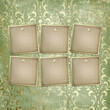 Six grunge frameworks for the invitation with thumbtacks Six grunge frameworks for the invitation with thumbtacks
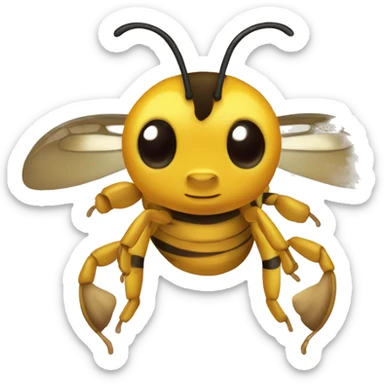 the body of a honey bee the head of the honey bee is a yellow python head sticker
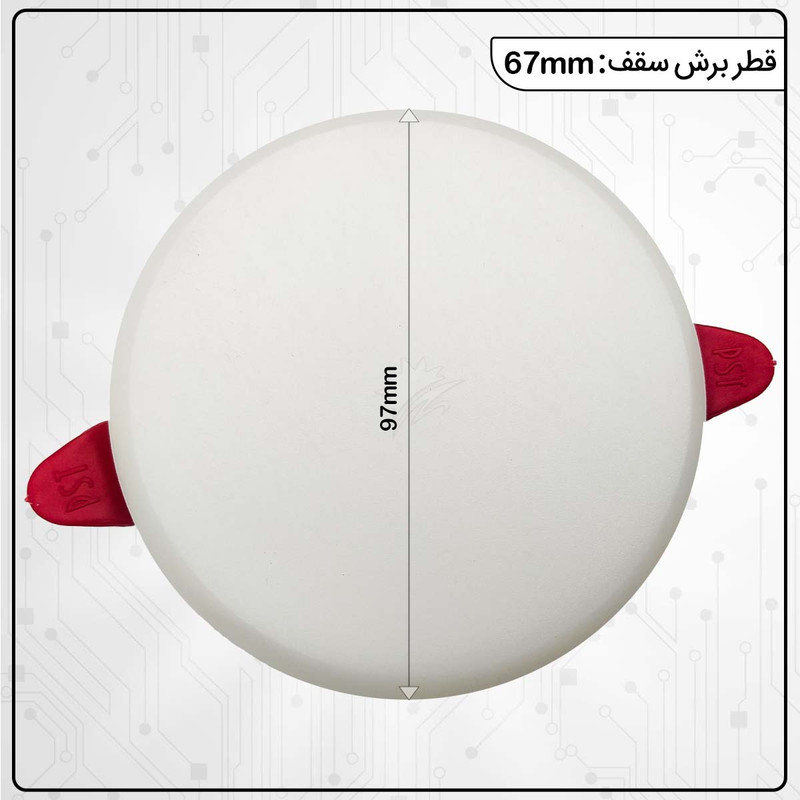 پنل ال ای دی 7 وات پارس شعاع توس مدل فولات طرح دایره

YOUR GOAL> Each line from the one holding "the body of" through the final line of the data needs to be transcribed exactly. Include both ends, skip the pictures, and add nothing.

ANSWER BOX>
 the body of a honey bee the head of the honey bee is a yellow python head sticker
 پنل ال ای دی 7 وات پارس شعاع توس مدل فولات طرح دایره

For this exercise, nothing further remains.